The film does its best to adhere to a fableistic structure, yet its gorey, confusing vignettes metastasize until it practically begs to be put down. Much of the narrative is constructed matrilineally and concentrically, revealed to audiences not in fragments — which would be the more interesting choice — but all at once and without injunction.
In rural Macedonia, a local woman barters with the village pariah, a witch disfigured by severe burns, to attempt to save her newborn daughter from becoming a tasty snack. Witches, even in Stolevski’s highly self-serious film, are subject to the same child-eating proclivities as those in Roald Dahl’s imagination. After being enclosed in a cave for the better part of her childhood and adolescence, Nevena (played first by Sara Klimoska) emerges, feral and — after the witch scratches her — out for blood.
Stolevski tasks four different actors with embodying Nevena, who rampages the Macedonian countryside, reveling in her ability to live life in other bodies. But it swiftly becomes more than she bargained for as she gradually grasps humanity’s unfathomable, immutable cruelty. At one point, she happens upon a woman giving birth next to a field, who is promptly ordered “back to the corn!” by a male villager, eliciting horror from Nevena and eyerolls from audiences.
When she assumes the form of one unwitting village woman (Noomi Rapace), the conspicuous physical and psychological toll of the transformation is misconstrued by the woman’s mother-in-law to be the product of domestic violence. “It’s no way to fight back, daughter,” she cavalierly tells Nevena, having accepted that the woman has been beaten senseless by her son. It’s one of the few times Stolevski swings and does not miss.

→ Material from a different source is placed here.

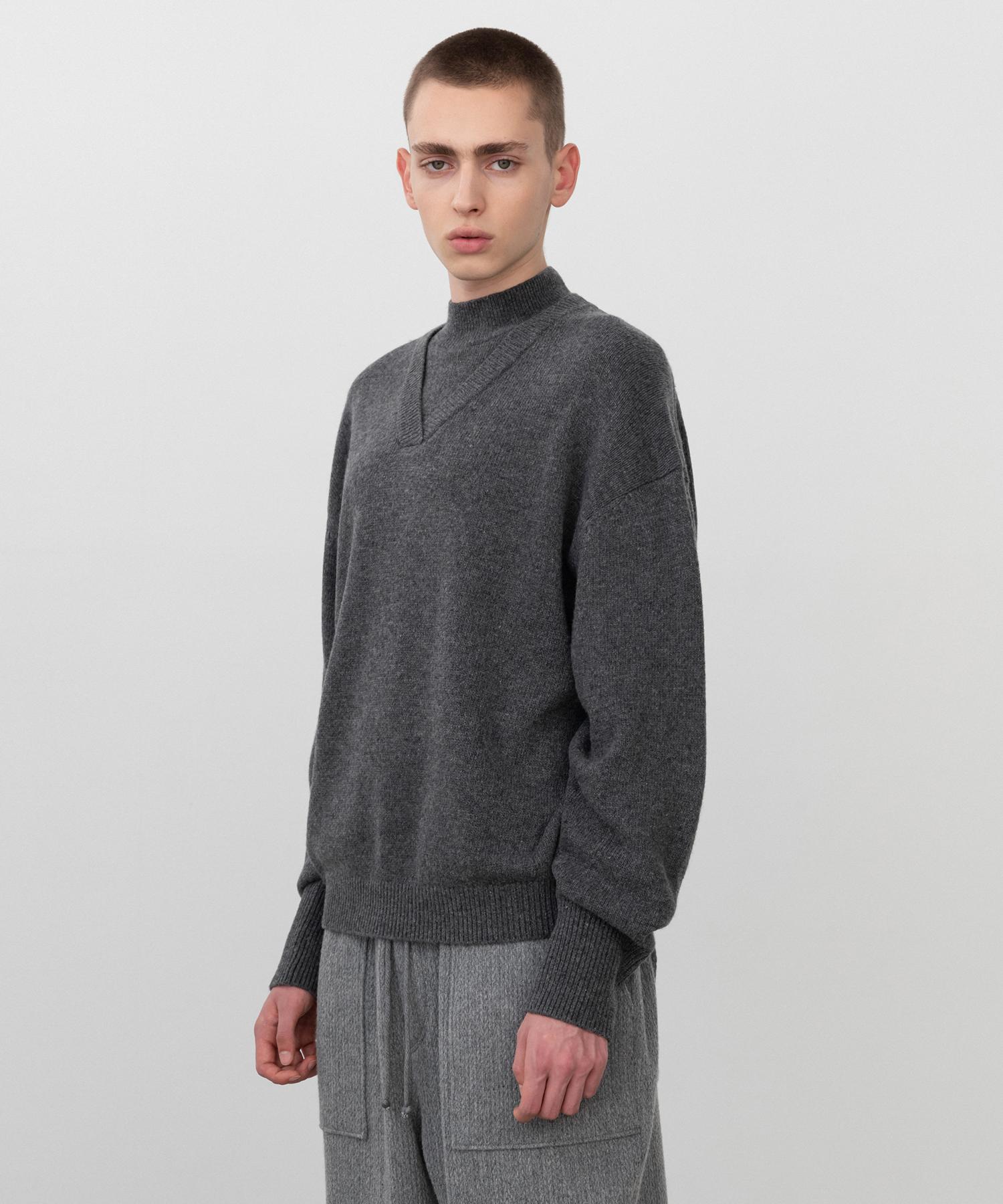 Insilence Layered Mock Neck Knit Dark Grey Dark Grey/S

Yet, underneath all of the guts and witch burning, “You Won’t Be Alone” is unable to recognize its own shallowness. Supplementing the film’s inchoate feminism and existentialism is its indulgence. In an effort to say something meaningful about the inherent violence of the female experience, Stolevski often reveals his own lack of understanding of the subject matter.
Throughout the film, dialogue is supplanted by lengthy voice-overs, whose polemic pursuits are somehow as transparent as they are cryptic. It’s unclear whether Nevena’s doltishly poetic voice-overs are the result of poor translation or poor writing. She asks at one point: “Are women wasps?” — just one of her myriad empty musings as Stolevski’s prosthetic.
Also objectionable is the film’s pacing, which feels like Stolevski willfully prolonging any action or plot advancement in favor of narcissistically indulging his artistic appetite. The first organ-ripping transmutation is a defibrillator jolt; the second, third, fourth etc. are playground slide static sparks. Nevertheless, Stolevski includes them.
The absence of visual pleasures in the film necessitates a reinvigorated reliance on thematic salience. Unfortunately, “You Won’t Be Alone” fails to deliver in this regard. Instead, it reveals the pitfalls of constructing a film whose sole objective is to provide a hazy meditation on its multiplex, unspecific themes. Rather than accommodating nuance, it simply belies a shallow understanding of its own espoused creative vision. It’s Canvas discussion post filmmaking, and it’s far inferior to what is expected given the film’s creative pretenses and ambition.